People's Attitudes Toward English
Based on the influence that English exerts upon people’s life, different people in China bear different attitudes towards English, English education and English tests and examinations.
It is true that a considerable number of people in China do love English (like myself) or do want or need to learn English well, and they may think that it’s okay or right for the government to lay much emphasis upon English in education. As a matter of fact, whether it is compulsory or not, they choose to learn English of their own will. These people may belong to the lucky and happy group with the compulsory status of English.
However, the majority of the Chinese students, who do not feel any inner call for learning English, who do not have any interest in it, who do not find any necessity to know it or to use it in real life, or who do not like it or even hate it for various reasons, are forced to learn it just because it is a compulsory school course. They are deprived of the freedom to decide whether to learn it or not. Some of them are okay with the situation, which is a reasonable attitude as far as the unchangeable reality (at least to single individuals) is concerned. But some are strongly against being forced to learn it so that they never take any initiative to learn it, they refuse to follow the teachers’ instructions, they avoid practicing it in and out of class, they perform poor at tests, and so they hate English and even the English teachers…
In addition, because of the compulsory status English is placed in education and in tests for different purposes, parents, teachers, and the whole society tend to lay overstress on it, which put students in even worse situations.
On the parents part, to make their children (especially primary and middle school children) keep up with or go in advance of their peers in learning, they urge their children to learn more for longer time after school, by forcing them to do more English homework than assigned, sending or accompanying them to have remedial English classes, or inviting tutors to help them learn English at home. Some of the parents, who are very good at English and benefiting much from it themselves, do so because they can not bear to see their children fall behind others, and hope their children can do as well as or better than themselves; some other parents do so because they feel they themselves were left behind when they were young and they hope their children can make up for them and realize their dreams; still other parents do so just because others are doing so and they and their children cannot afford to fall behind, which may result in their children losing at the starting line compared with other children. Most of the parents made decisions for their children without asking or listening to their children’s ideas or feelings. They take it for granted that their children can understand them and agree with them, for what they are doing is for the children’s good.
On the teachers’ part, their main concern is to make their students perform well in various English tests or examinations, for students’ performance, in terms of exam results, in tests of the English course, is an important criterion to judge and evaluate their levels of teaching and their achievements at work. Their income, promotion, and personal development are largely dependent on such judgment and evaluation. To meet such needs, they care more about whether the students are skillful at answering testing questions than about their real competence of the English language. And with passing some fatal examinations as the final target (as in the case of the middle schools), the main activities of teaching are talking about things connected with the examination, such as grammar rules, skills of answering testing questions, etc., and the main task of learning is to keep in mind the rules and skills, and to practice doing exercises and answering questions on numerous papers. With too many students in one class (usually over 60 students per class in primary and middle schools), it is nearly impossible for teachers to care about students’ individual ideas, feelings or needs on English or on their learning of English in class.
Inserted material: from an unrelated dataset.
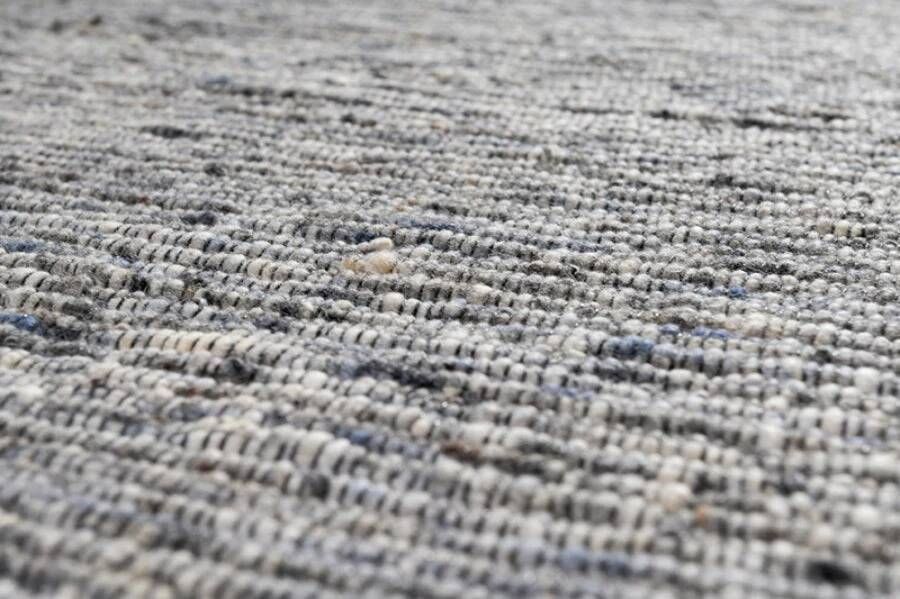 De Munk Carpets Bergamo 04 250x300 cm Vloerkleed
When it comes to the society, on the one hand, because of the compulsory status of English in school education and in different levels of tests, many people need extra help to pass relevant tests and examinations. In response to such needs of the people, there forms an economic chain of remedial English education in the society, including classes or schools of different scales, teachers or trainers offering such service, teaching-material (books, testing papers, and electronic products) editing, publishing and selling, and so on. All these aim at making money by offering people extra training on English, which may enable people to pass certain English tests or examinations they are facing. Most of the training services are offered in the evenings, at weekends, or during holidays or vacations when students and working people don’t have to go to school or work, resulting in such social phenomenon that people (students or working people) spend much time, money and energy rushing here and there attending to different training programs at the time when they should be staying at home relaxing themselves and enjoying life. It seems that the whole society is involved in the training and learning of English, so that some foreign observers exclaim that the Chinese society is crazy about learning English! But on the other hand, except in the English classes in or out of schools and in various tests and examinations, people can hardly find any place or occasion to use English for real communication in the society. What a sharp contrast and conflict English brings to people’s life! No wonder so many people so strongly oppose to putting English in the compulsory position in school education, and regarding it as a rigid criterion of job-offering or rank-promotion in the society by means of offering tests and examinations of different types and levels.
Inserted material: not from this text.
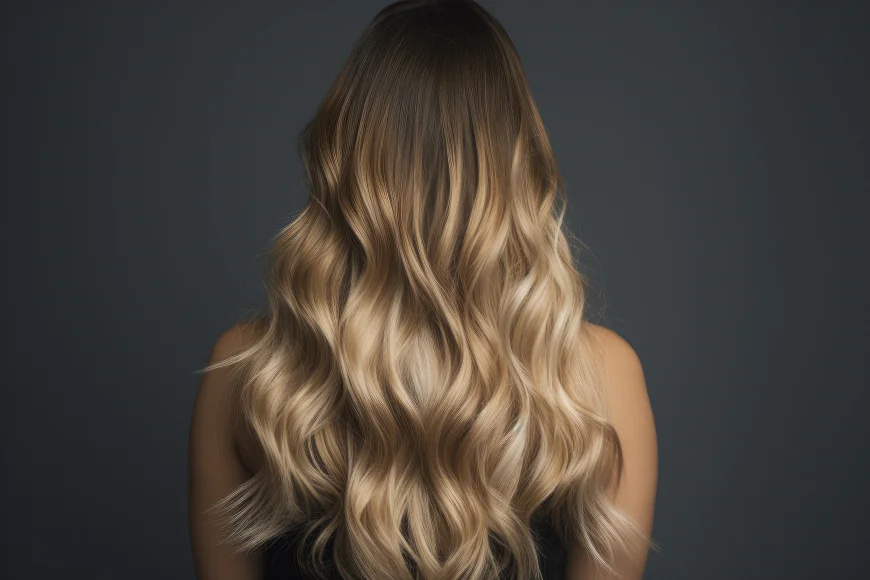 Best Hairdresser Near Me for Advanced Hair and Extension Services in Sydney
English Can Stand Somewhere
Like many other people, as a learner and a teacher of English in China, I am against the compulsory status of English in school education of all levels and in different kinds of tests, because such a status of English in China’s schools (from primary schools to universities) and society has caused, and is still causing, a lot of negative effects upon school education, and upon people’s social life, as I’ve discussed above. I would propose that English be put in a right place in people’s education and life:
I think the root of the phenomena I discussed above concerning English lies in the educational system of the country, which stipulates that a foreign language, mostly English, should be learned as a compulsory course by students in schools of different levels, from primary school pupils to university students (including undergraduates and postgraduates working at their master’s or doctor’s degrees). Accordingly, employers in the society produce their criteria of choosing employees, requiring them to have certificates proving their foreign language levels to be considered qualified for the positions to be filled. Consequently, nearly all people, children or adults, are forced to struggle with English almost throughout their learning and working years for utilitarian purposes instead of for real needs in life. How wrong it is to force a foreign language, here English, on people!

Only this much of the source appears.